Chapter 1, Introduction to Machine Learning, will introduce you to the different machine learning paradigms, using examples from industry. You will also learn how to use data to evaluate the models you build.
Chapter 2, Making Decisions with Trees, will explain how decision trees work and teach you how to use them for classification as well as regression. You will also learn how to derive business rules from the trees you build.
Chapter 3, Making Decisions with Linear Equations, will introduce you to linear regression.
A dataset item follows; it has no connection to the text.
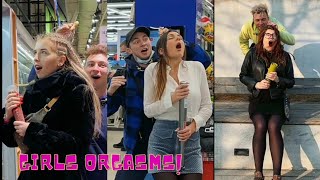 Public orgasm head massage prank on TIKTOK Pranks Gone wrong  Best ORGASM 😜  try not to laugh [upl. by Enirhtac]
After understanding its modus operandi, we will learn about related models such as ridge, lasso, and logistic regression. This chapter will also pave the way toward understanding neural networks later on in this book.
Chapter 4, Preparing Your Data, will cover how to deal with missing data using the impute functionality. We will then use scikit-learn, as well as an external library called categorical-encoding, to prepare the categorical data for the algorithms that we are going to use later on in the book.
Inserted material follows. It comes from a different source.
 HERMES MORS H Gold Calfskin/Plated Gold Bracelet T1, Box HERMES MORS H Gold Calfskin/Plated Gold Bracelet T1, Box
Chapter 5, Image Processing with Nearest Neighbors, will explain the k-Nearest Neighbors algorithms and their hyperparameters. We will also learn how to prepare images for the nearest neighbors classifier.
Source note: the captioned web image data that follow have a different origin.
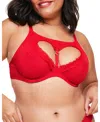 Adore Me Kalila Unlined Plunge Bra In Dark Red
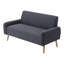 2 Seater Upholstered Sofa Corduroy Loveseat Sofa-1752725492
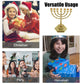 7 Branch Menorah Candle Holder Jerusalem Temple 12 Tribes of Israel Menorah with Aaron Rod Manna Vessel and Tablets 5.11-inch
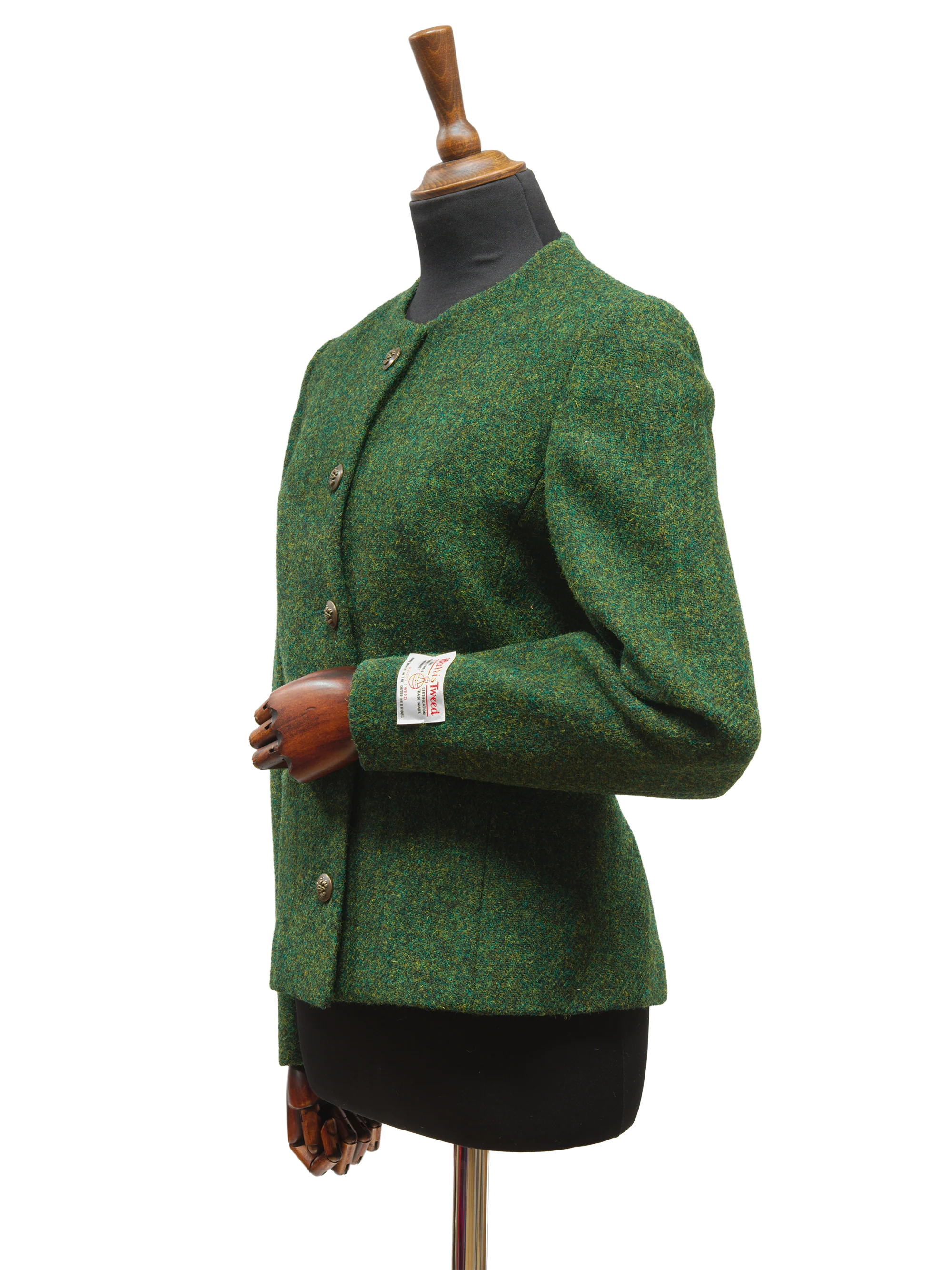 Harris Tweed Grace Jacket - Bottle Green - Image 3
Chapter 6, Classifying Text Using Naive Bayes, will teach you how to convert textual data into numbers and use machine learning algorithms to classify it. We will also learn about techniques to deal with synonyms and high data dimensionality.
Chapter 7, Neural Networks – Here Comes the Deep Learning, will dive into how to use neural networks for classification and regression. We will also learn about data scaling since it is a requirement for quicker convergence.
Chapter 8, Ensembles – When One Model Is Not Enough, will cover how to reduce the bias or variance of algorithms by combining them into an ensemble. We will also learn about the different ensemble methods, from bagging to boosting, and when to use each of them.
Chapter 9, The Y is as Important as the X, will teach you how to build multilabel classifiers. We will also learn how to enforce dependencies between your model outputs and make a classifier's probabilities more reliable with calibration.
Chapter 10, Imbalanced Learning – Not Even 1% Win the Lottery, will introduce the use of an imbalanced learning helper library and explore different ways for over- and under-sampling. We will also learn how to use the sampling methods with the ensemble models.
Chapter 11, Clustering – Making Sense of Unlabeled Data, will cover clustering as an unsupervised learning algorithm for making sense of unlabeled data.
Chapter 12, Anomaly Detection – Finding Outliers in Data, will explore the different types of anomaly detection algorithms.
Chapter 13, Recommender Systems – Get to Know Their Taste, will teach you how to build a recommendation system and deploy it in production.